Cory Doctorow Profile picture
May 16 42 tweets 9 min read
As theories of change go, consumerism sounds great. "Voting with your dollars" cuts out the middleman: rather than voting for a politician and hoping they do the right thing, you can reward good companies by buying their products (and punish bad ones with boycotts). 1/ A blurred image of a woman ...
If you'd like an essay-formatted version of this thread to read or share, here's a link to it on pluralistic.net, my surveillance-free, ad-free, tracker-free blog:

pluralistic.net/2022/05/16/thr… 2/
But voting with your dollars has limits. First: you can't shop your way out of monopoly capitalism. If Walmart's predatory pricing and fat tax breaks let it drive every store in town out of business, you're stuck. Every other business in town went bust, and you need stuff. 3/
Next: dollars are not evenly distributed. In a country where most of us can't afford a $400 medical emergency, the flow of dollars to a business is no marker of democratic legitimacy. A million normies' boycott is overridden by a single billionaire, washing away those "votes." 4/
There's another defect, though, that's a little less obvious. When you stop voting with your ballots and start voting with your dollars, then the companies that get your dollars can capture your political representatives (this is even easier if the company has a monopoly). 5/
Once the political system is on the company's side, you lose the ability to vote with your dollars, too.

Like, say a company claims that it is "good for the environment" and thus deserves your dollar-votes. How do you know they're telling the truth? 6/
Maybe they're like the "green" credit card @Aspiration ("Make your dollars make a difference") whose claim of planting 35 million trees is just a lie:

propublica.org/article/the-ce… 7/
Aspiration's 35 million trees includes "the cumulative total of to-be planted trees" which its "partners" will plant. But the partners' numbers don't match Aspirations' numbers. 8/
And some partners won't give you the numbers, because they're a *secret.* I'm guessing they're not keeping it a secret because they're done really well and don't want to spoil the surprise when they reveal their tree data. 9/
Or take carbon offsets. In theory, you can board a jet, buy an SUV, or run your backyard patio-heater and still not hurt the planet, merely by buying enough carbon offsets to incentivize companies to scale back their emissions. In theory. 10/
In practice, carbon offsets are also lies.

pluralistic.net/2022/03/11/a-m…

Companies - and even charities like the Nature Conservancy - get millions in carbon offsets by promising not to log forests that no one was allowed to log in the first place. 11/
They get offsets for not logging forests that have burned down. If an offset fights climate change, it's purely coincidental.

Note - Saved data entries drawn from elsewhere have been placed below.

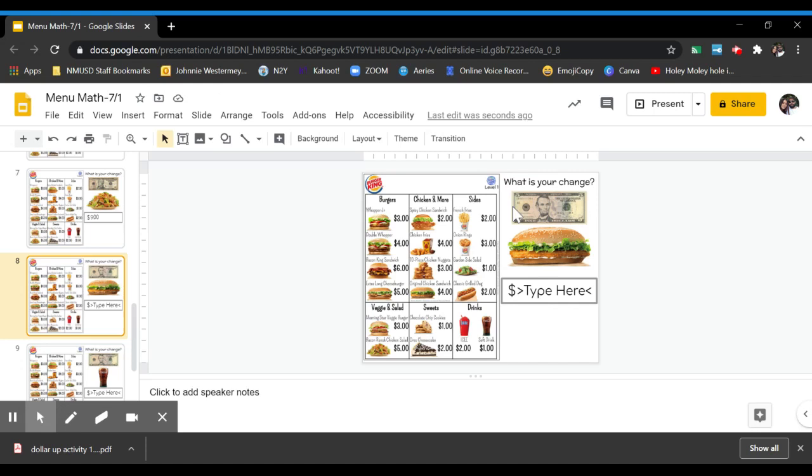So you have two other problems like that. You will have $5 here and you need to take away however much this sandwich costs and give me the amount and then do that for the last one as well.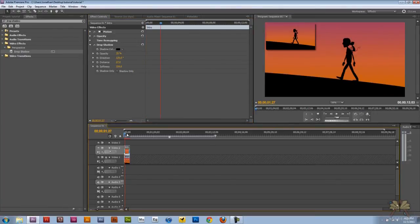And that's how you layer video in Adobe Premiere Pro. If you have any questions let me know and I'll see you guys later. Cheers.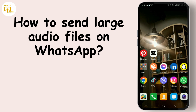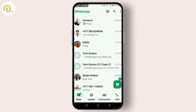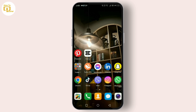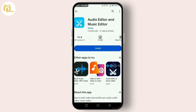First things first, check the size of the audio file you want to send. If it's over 16 MB, you'll need to use a cloud storage service. For today's tutorial, we'll use Audacity, a free and open source audio editor that's perfect for this task.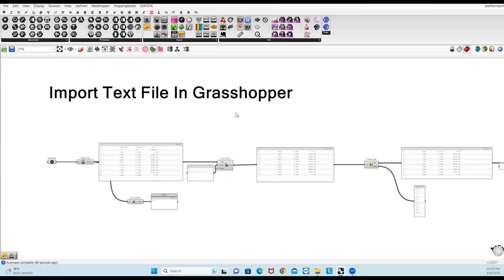Hello everyone, welcome to ParametricPlanet. Today I will show you how we can import a text file in Grasshopper without using any programming.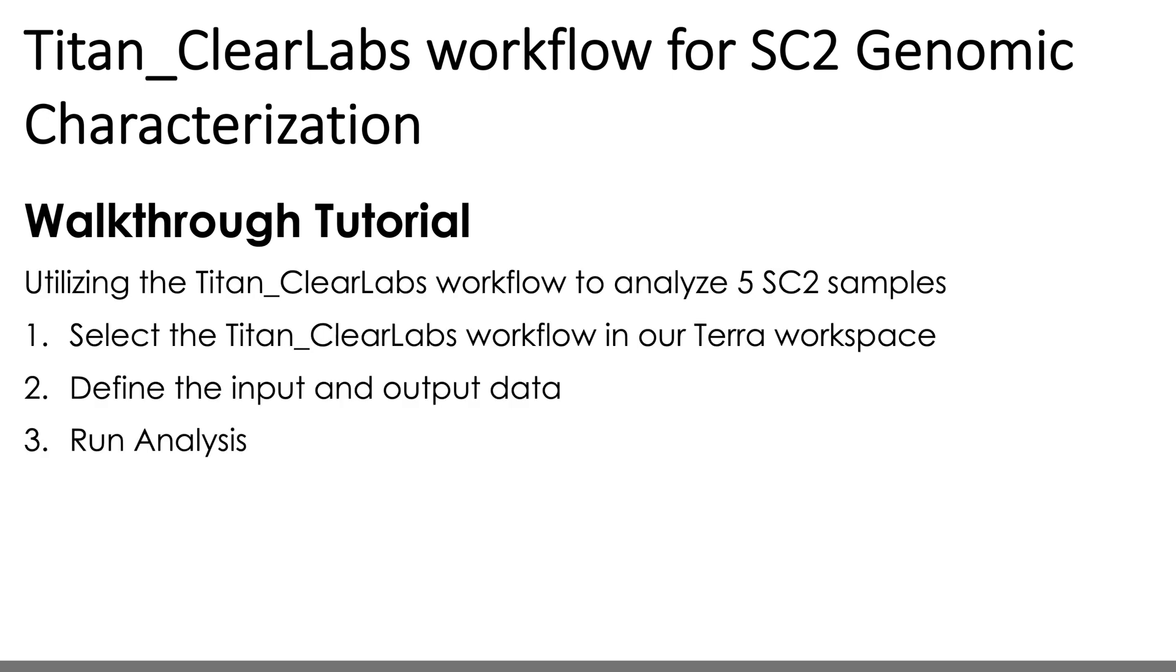But for any Titan workflow, or any Terra workflow really, there are three basic steps, and that's first, selecting the appropriate workflow in your Terra workspace. In our case, this will be the Titan Clear Labs workflow. Then we'll be defining both the inputs and outputs for the workflow, and then we'll be just running the analysis. All right, so let's get into it.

therevolvingdoorproject.org/wp-content/upl… 12/
Then there's "ESG" - investment funds that claim to be a way to save for retirement without rendering the planet uninhabitable by the time you're ready to retire. These, too, are fraud-magnets that don't live up to their claims. 13/
Up until a couple months ago, some of the best-performing ESGs you could buy
were heavily invested in Russian gas and oil:

pluralistic.net/2022/03/15/san…

To the extent that voting with your wallet works, it depends on you knowing what you're buying. 14/
Traditionally, we look to the government (e.g. consumer protection agencies) to make sure that we're not tricked into buying crap disguised as gold. 15/
Neoliberal ideologues don't like this *at all*. The dominant doctrine of the past 40 years is that governments are liable to "capture" and that they should be replaced by private-sector alternatives. 16/
So we draw down securities regulation (which ban certain financial products) and ramp up private bond-rating agencies (which purport to tell you which financial products are sound). 17/
It works great, until the rating companies get captured by the bond issuers, and then you get the Great Financial Crisis.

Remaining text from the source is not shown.